- _MATERIAL PROVIDED_
┌──

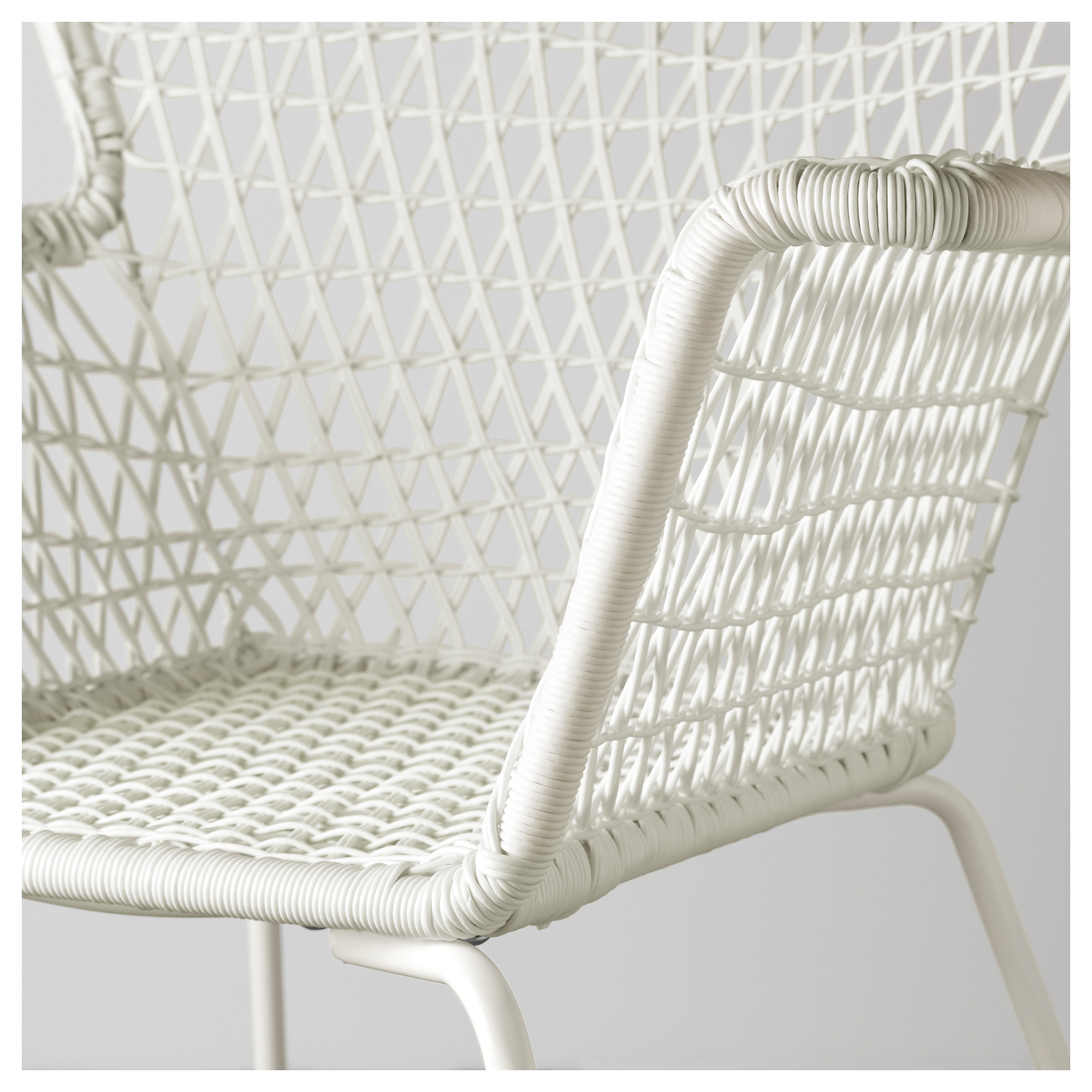 HÖGSTEN chair with armrests, outdoor, white IKEA Hong Kong and Macau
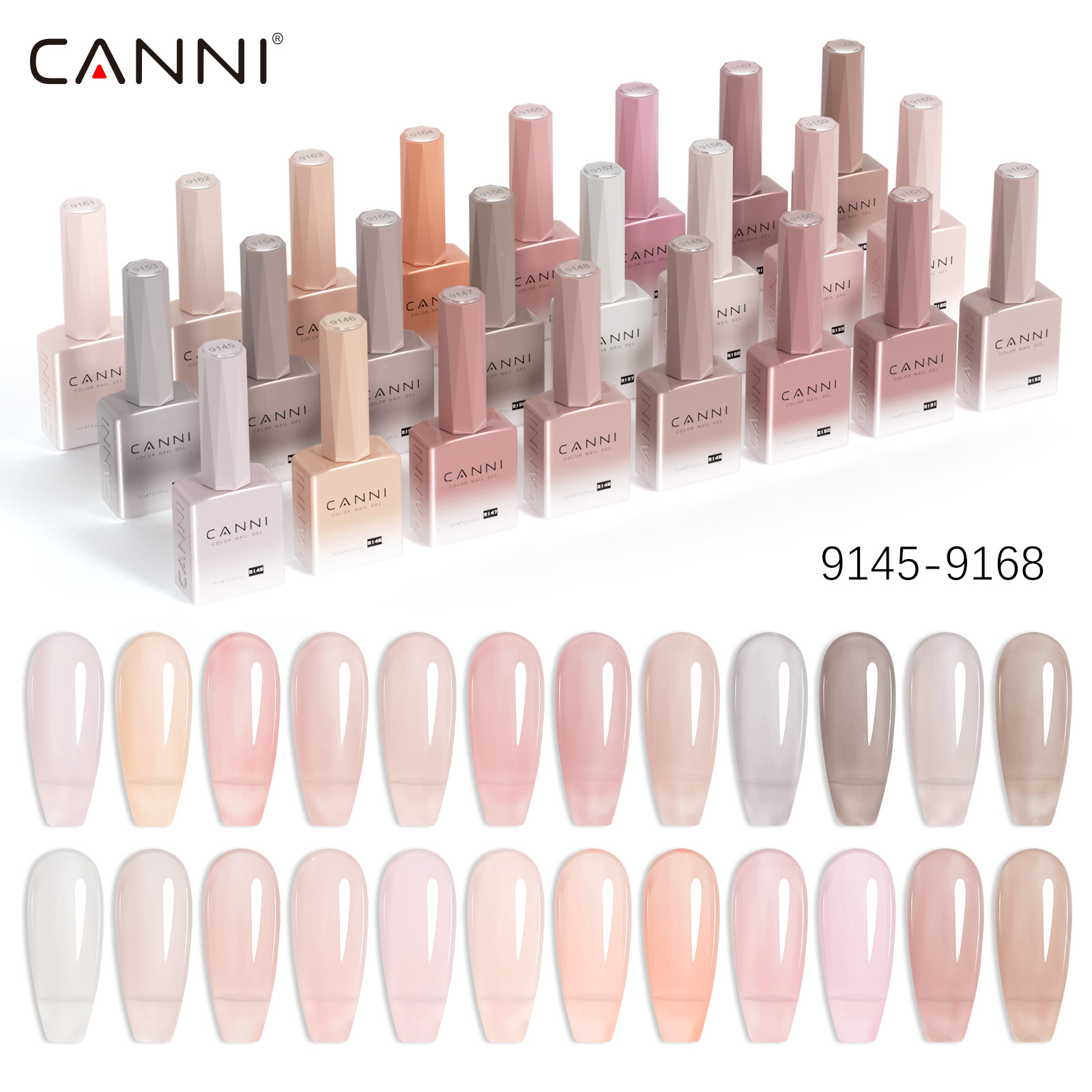 Nail Art One Piece - CC7 CANNI 네일 젤 폴리쉬 9ml
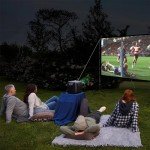 120-Inch Portable Projector Screen with Stand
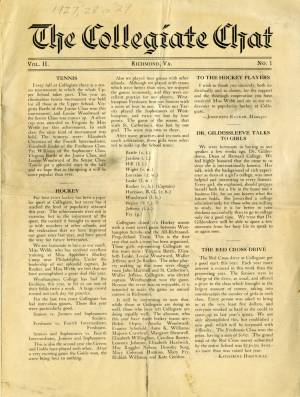 The Collegiate Chat, Vol. 2, No. 1, ca. 1928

└──

- _THE TASK_
Only the lines from the one containing "120-Inch Portable Projector" through the last line of the data may appear in the answer, each given again exactly and with pictures left out.

- _RESPONSE AREA_
 120-Inch Portable Projector Screen with Stand
 The Collegiate Chat, Vol. 2, No. 1, ca. 1928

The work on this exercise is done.